Mistakes That Lead to Drug Addiction?
Mistakes That Lead to Drug Addiction? Unfortunately, there’s no single simple answer—and “mistakes” are not necessarily what is the root cause of drug abuse.
The circumstances leading up to drug abuse or drug addiction can be varied and complex. There is a psychological and physical component to the issue.
What may normally be harmless habits and traits in some people, could potentially drive others to substance abuse that develops into addiction. Repeated use of drugs begins to change the way the brain functions. The slope is slippery, and the downward spiral can be fast and furious.
Complicating matters is that some people use recreational or prescription drugs without becoming addicted. Others can quickly experience adverse effects.
The thresholds for tolerance and dependency can vary a great deal from one person to the next—and from one substance to the next.
Drugs that people abuse and become addicted to include:
- Amphetamines – a stimulant drug used in certain legal prescription drugs, such as Adderall
- Buprenorphine – a semi-synthetic opiate painkiller
- Cocaine – an illegal stimulant drug, commonly snorted, inhaled, or injected into a vein
- Ecstasy or Molly – an illegal synthetic mind-altering drug, also known as “MDMA”
- Marijuana – a psychologically altering drug made from the dried leaves, stems, and seeds of the Cannabis plant; often referred to as the “gateway drug” because the habit of using it sometimes leads to using other drugs that are addictive
- Methadone – a legal drug often used to help relieve the pain narcotics addicts experience during withdrawal
- Methamphetamines – a highly addictive illegal version of amphetamines
- Opiates – a category of narcotic drugs that exist in the form of legal prescription opioid medications (e.g., Oxycontin and Percocet) and in the illegal form of heroin
- Phencyclidine – a highly addictive hallucinogenic drug that has been illegal in the U.S. since 1978
What Can Lead to Drug Addiction?
Some characteristics and behaviors that might predispose an individual to the disease of substance addiction include:
- A family history of addiction
- High desire to want to fit in
- Poor social skills
- Difficulty dealing with problems or stress
- Socially experimenting with drugs
- Lack of parental supervision
- Living in an impoverished community
- Having addictive drugs available – e.g., illegal drugs at school or legal (yet addictive) prescription medications at home
Symptoms of Drug Addiction
Some signs to watch for that might indicate a person has started abusing or has become addicted to drugs include:
- Change in the person’s social circle
- Abnormal level of irritability
- Personality changes
- Relationship problems
- Uncharacteristic poor work performance
- Tired all the time
- Loss of interest in activities
- Money problems
- Criminal activity
- Weight changes
- Disregard for personal hygiene
- Bruises or infections (where a drug is administered in the body)

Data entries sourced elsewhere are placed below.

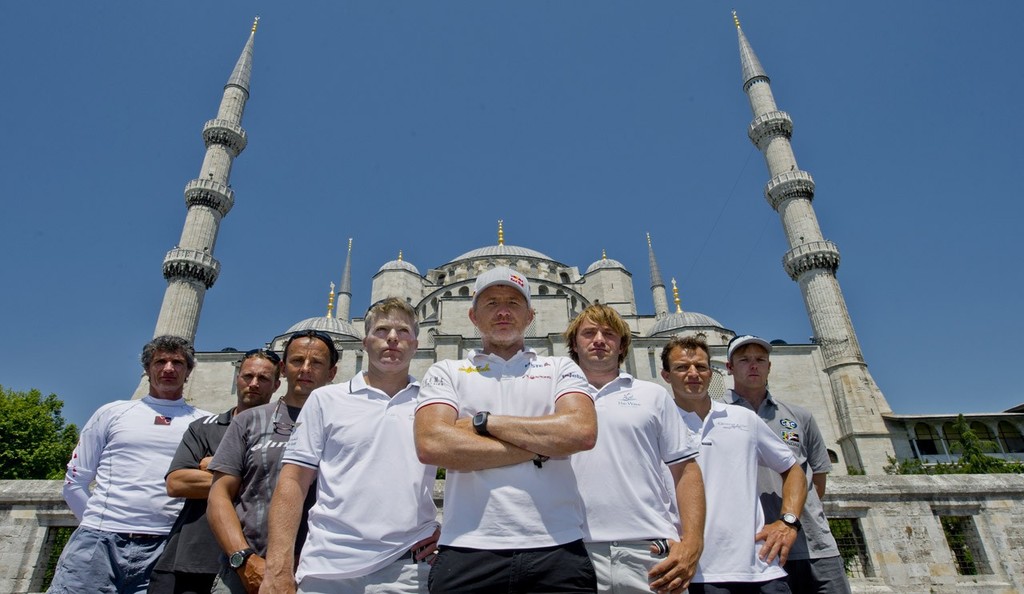 Skippers photo at Istanbul's iconic Blue Mosque  - Extreme Sailing Series 2012 Act 3 photo copyright  Vincent Curutchet / Dark Frame http://www.extremesailingseries.com/ taken at  and featuring the  class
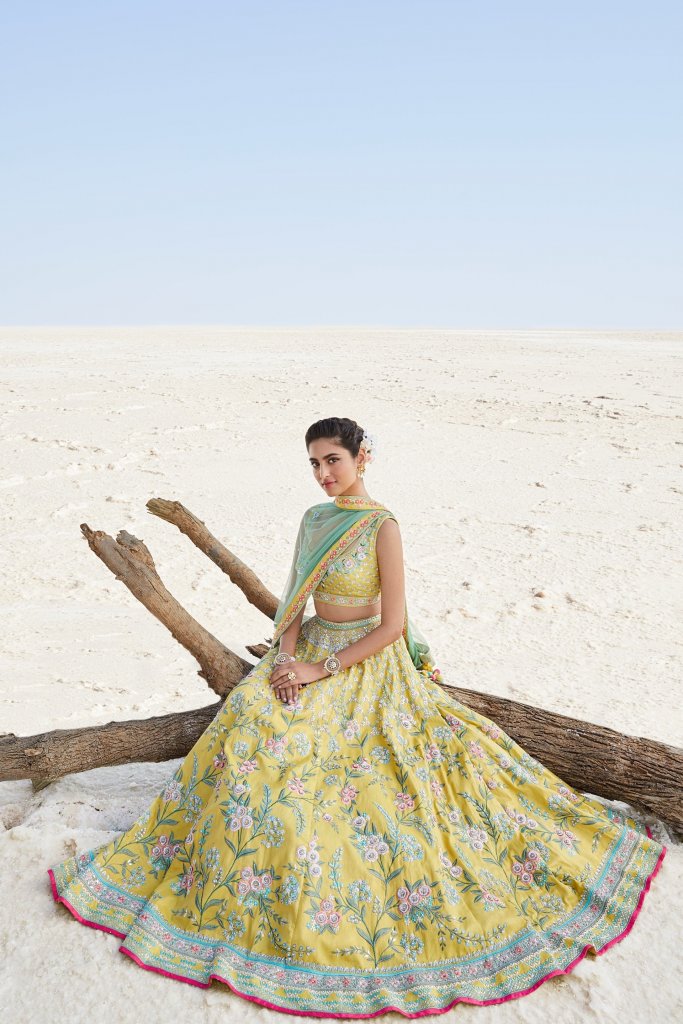 Sunny Yellow Lehenga With Pastel Teal Dupattav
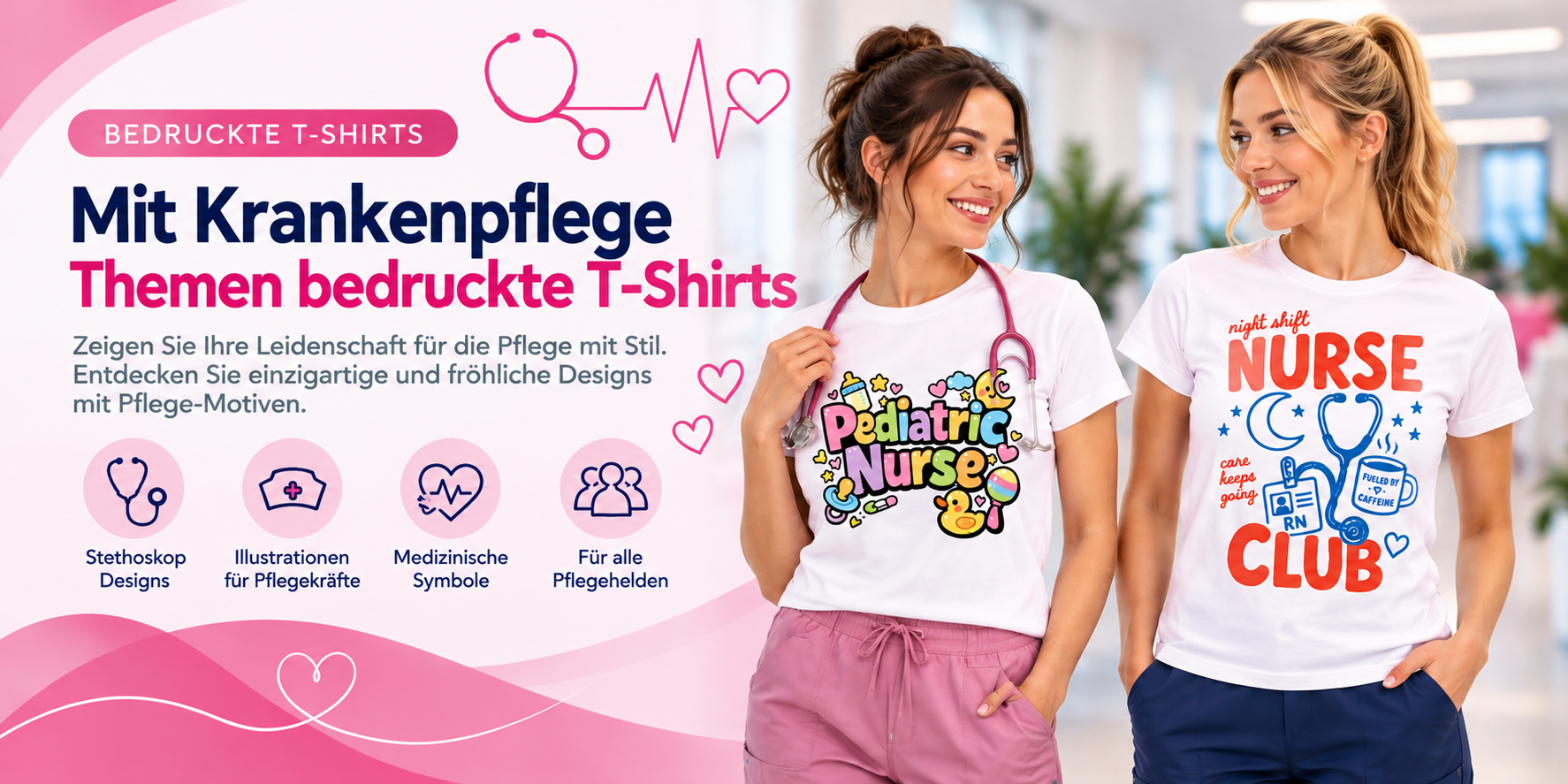 Bedruckte T-Shirts mit Pflegemotiven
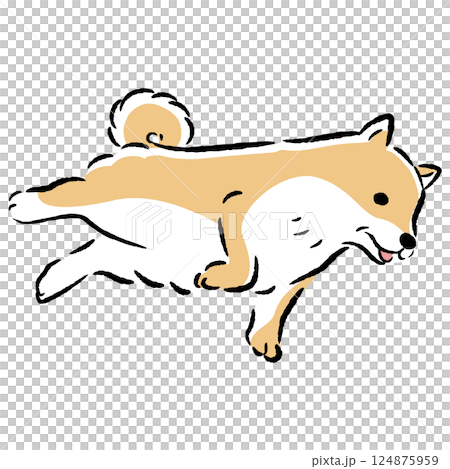 横たわるシニア犬の手描きイラスト 124875959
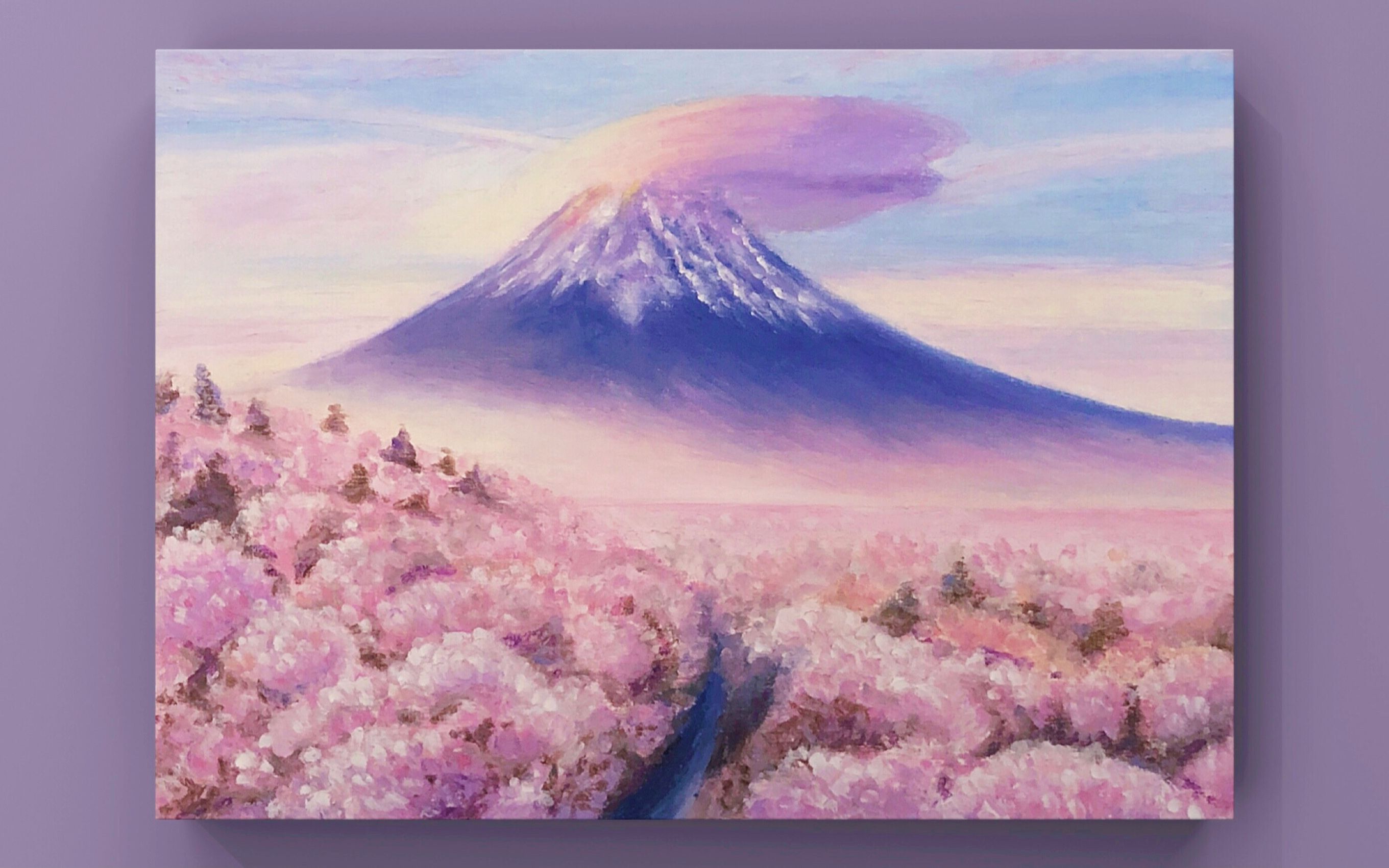油画棒富士山下绘画过程色号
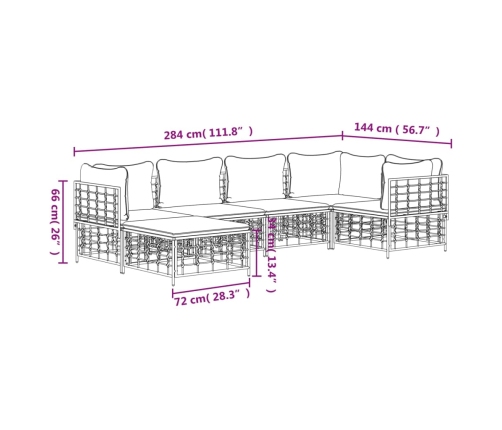 Juego de muebles de jardín 6 pzas cojines antracita ratán PE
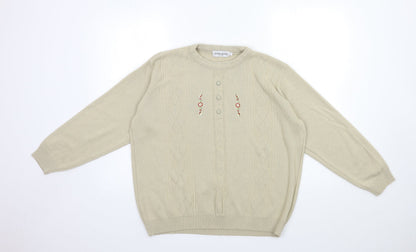 Womens UK Size L Merry gold Beige Pullover Jumper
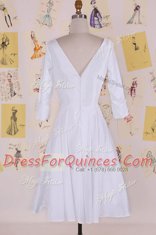 Scoop Knee Length Zipper Homecoming Dress White for Prom and Party with Ruching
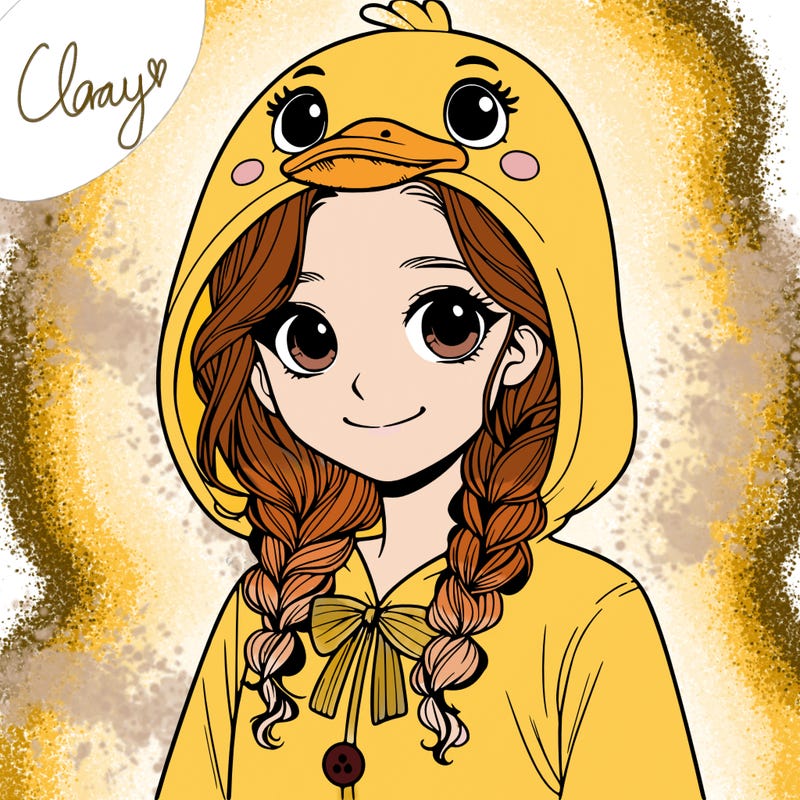 a young, realistic girl in a duck costume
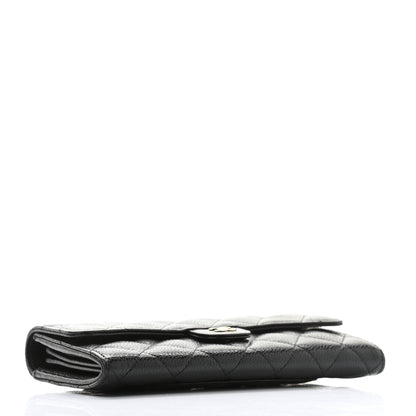 Chanel Caviar Quilted Large Gusset Flap Wallet Black 4 of 9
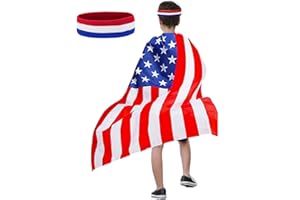 Ankelesz Boys American Flag Costume Cape, USA Flag Headband for 4th of July Independence Day Celebration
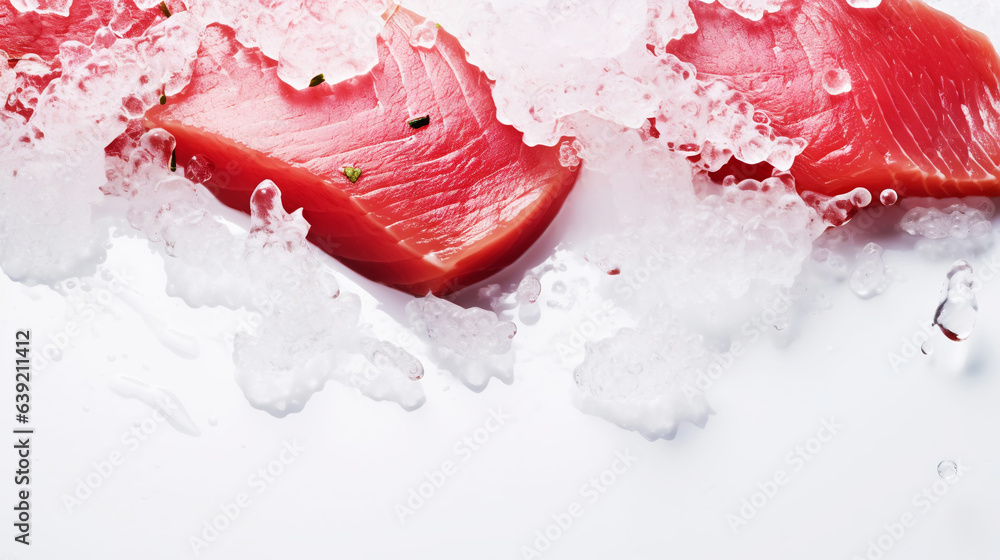 Slices of tuna fish on the ice cubes. Fresh fish fillet. Seafood background. Generative AI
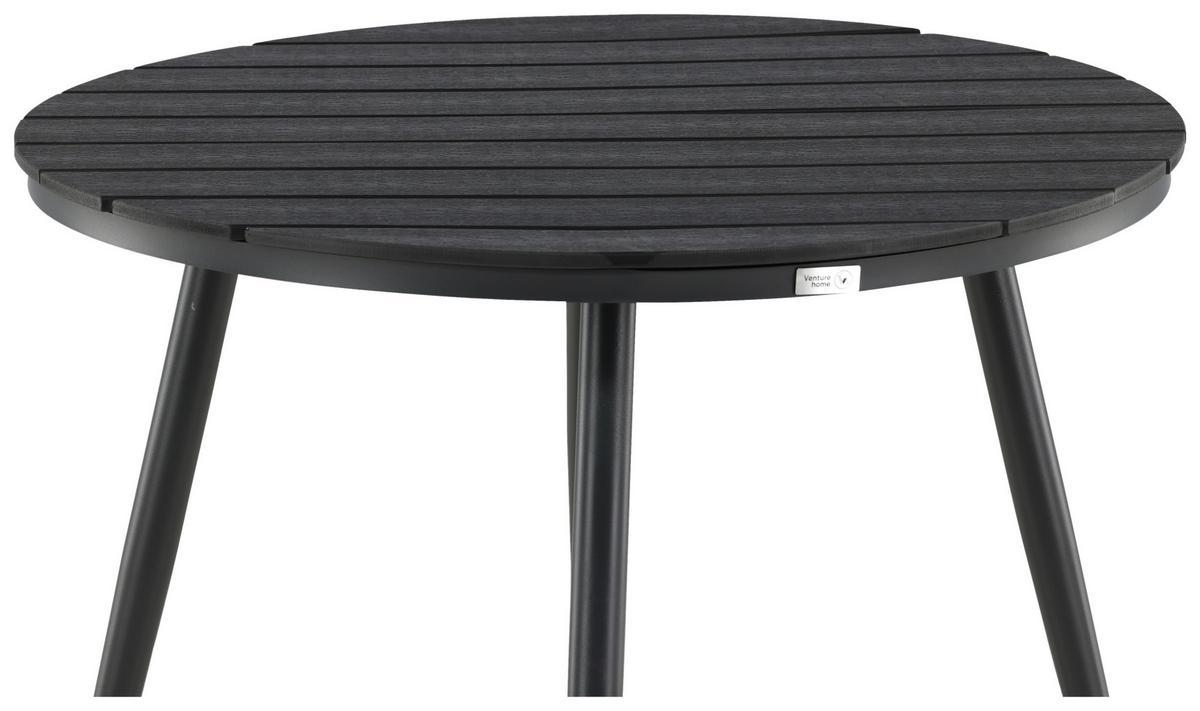 Gartentisch Break Aluminium D: 90cm - Schwarz, KONVENTIONELL, Kunststoff/Metall (90/74cm) - Gardenson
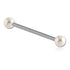 14g Pearl & Stainless Industrial Barbell Industrials 14g - 1-1/4" long (32mm) - 4mm balls Cream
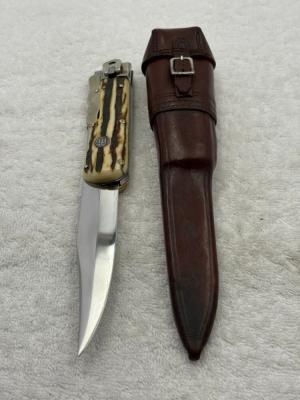 Ed Wusthof Vintage Folding Bowie Knife With Sheath Made In Solingen Germany 11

Why Is it Important to Recognize the Warning Signs?
Drug addiction affects an individual’s health, ability to hold a job, and the quality of personal relationships.
It can manifest as poor judgment, decreased productivity, theft, employee turnover, violence, and other negative consequences.
Substance abuse puts the individual using at risk, and it can endanger others around them (e.g., when driving under the influence or when operating equipment on the job).
According to a 2014 survey by the U.S. Substance Abuse and Mental Health Services Administration, approximately 1 in 10 Americans (10.2 percent) uses illicit drugs.
And in 2016, more than 64,000 Americans died from overdosing on illegal drugs or prescription opioids. That’s more than double the number of overdose deaths ten years earlier.
The struggle is real and recognizing that someone has a problem is paramount. Getting them the help needed can mean the difference between life and death.
How Can Drug Testing Make a Difference?
It helps employers avoid costly hiring mistakes and ensure a drug-free workplace. It can give concerned parents peace of mind—or a head start in getting their child treatment early-on.
Proactive is better than reactive. The earlier you detect drug abuse or addiction, the sooner you can address the issue and steer the person toward recovery.